*** PROVIDED RECORDS
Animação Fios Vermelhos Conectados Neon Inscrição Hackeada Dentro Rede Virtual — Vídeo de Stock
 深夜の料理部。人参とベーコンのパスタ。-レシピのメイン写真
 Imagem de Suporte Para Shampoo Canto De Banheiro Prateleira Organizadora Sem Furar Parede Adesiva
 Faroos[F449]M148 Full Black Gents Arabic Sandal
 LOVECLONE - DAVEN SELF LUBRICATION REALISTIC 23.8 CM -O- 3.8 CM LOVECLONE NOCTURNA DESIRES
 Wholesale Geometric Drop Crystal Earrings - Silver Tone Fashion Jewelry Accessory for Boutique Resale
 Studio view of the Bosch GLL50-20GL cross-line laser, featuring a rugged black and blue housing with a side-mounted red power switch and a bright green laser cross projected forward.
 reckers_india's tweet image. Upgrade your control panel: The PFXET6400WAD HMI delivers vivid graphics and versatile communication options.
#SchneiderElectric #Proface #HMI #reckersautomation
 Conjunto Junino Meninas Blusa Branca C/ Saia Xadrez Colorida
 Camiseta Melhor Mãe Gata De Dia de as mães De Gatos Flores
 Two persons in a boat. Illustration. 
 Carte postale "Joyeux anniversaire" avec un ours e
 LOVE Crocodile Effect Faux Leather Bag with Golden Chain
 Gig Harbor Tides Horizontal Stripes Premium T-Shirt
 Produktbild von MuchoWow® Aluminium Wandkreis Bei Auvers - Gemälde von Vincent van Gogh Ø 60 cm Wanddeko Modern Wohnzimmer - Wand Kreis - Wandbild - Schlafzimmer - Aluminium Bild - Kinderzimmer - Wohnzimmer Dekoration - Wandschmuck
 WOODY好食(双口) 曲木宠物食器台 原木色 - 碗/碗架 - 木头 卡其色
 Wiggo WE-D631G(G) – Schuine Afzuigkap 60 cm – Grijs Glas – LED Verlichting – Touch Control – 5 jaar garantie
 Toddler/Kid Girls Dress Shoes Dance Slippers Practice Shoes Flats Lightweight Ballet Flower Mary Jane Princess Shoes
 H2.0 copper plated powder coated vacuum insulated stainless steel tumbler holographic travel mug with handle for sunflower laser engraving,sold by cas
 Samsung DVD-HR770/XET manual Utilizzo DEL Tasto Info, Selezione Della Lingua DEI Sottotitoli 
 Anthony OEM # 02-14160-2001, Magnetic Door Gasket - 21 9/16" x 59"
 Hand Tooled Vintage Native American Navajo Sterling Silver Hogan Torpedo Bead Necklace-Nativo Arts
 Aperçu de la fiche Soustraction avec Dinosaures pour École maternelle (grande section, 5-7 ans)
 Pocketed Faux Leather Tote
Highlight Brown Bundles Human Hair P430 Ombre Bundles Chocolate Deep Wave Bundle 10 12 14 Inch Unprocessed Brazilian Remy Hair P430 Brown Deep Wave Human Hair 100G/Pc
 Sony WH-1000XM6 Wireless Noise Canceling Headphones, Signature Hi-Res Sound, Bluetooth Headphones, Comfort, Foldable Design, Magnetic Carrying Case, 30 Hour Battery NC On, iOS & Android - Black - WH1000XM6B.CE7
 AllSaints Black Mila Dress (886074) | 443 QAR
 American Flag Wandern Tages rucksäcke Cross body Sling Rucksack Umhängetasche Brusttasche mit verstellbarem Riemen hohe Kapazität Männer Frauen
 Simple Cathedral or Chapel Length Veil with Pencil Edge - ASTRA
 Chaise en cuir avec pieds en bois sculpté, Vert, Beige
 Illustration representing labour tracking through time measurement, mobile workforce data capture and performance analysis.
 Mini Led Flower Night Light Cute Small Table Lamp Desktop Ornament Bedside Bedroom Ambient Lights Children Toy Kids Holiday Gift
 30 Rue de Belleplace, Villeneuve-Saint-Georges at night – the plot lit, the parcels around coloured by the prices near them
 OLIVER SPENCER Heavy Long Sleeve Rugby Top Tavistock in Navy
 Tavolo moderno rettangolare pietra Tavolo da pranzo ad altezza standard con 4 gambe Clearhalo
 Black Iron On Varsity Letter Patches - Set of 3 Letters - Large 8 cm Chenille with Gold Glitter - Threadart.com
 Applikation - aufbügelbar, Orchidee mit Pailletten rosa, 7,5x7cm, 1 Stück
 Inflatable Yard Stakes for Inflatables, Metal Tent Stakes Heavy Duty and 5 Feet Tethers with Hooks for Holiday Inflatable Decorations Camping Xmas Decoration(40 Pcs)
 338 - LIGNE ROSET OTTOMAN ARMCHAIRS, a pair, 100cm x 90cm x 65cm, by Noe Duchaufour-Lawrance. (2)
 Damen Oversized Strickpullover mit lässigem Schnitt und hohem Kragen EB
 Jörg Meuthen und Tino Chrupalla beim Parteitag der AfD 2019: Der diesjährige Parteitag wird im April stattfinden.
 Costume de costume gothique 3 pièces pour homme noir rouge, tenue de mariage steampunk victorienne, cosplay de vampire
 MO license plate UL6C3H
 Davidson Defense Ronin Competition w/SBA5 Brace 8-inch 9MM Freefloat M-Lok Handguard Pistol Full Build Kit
******
Your reply should contain only the number of lines in the entries above with the word "Heavy".

2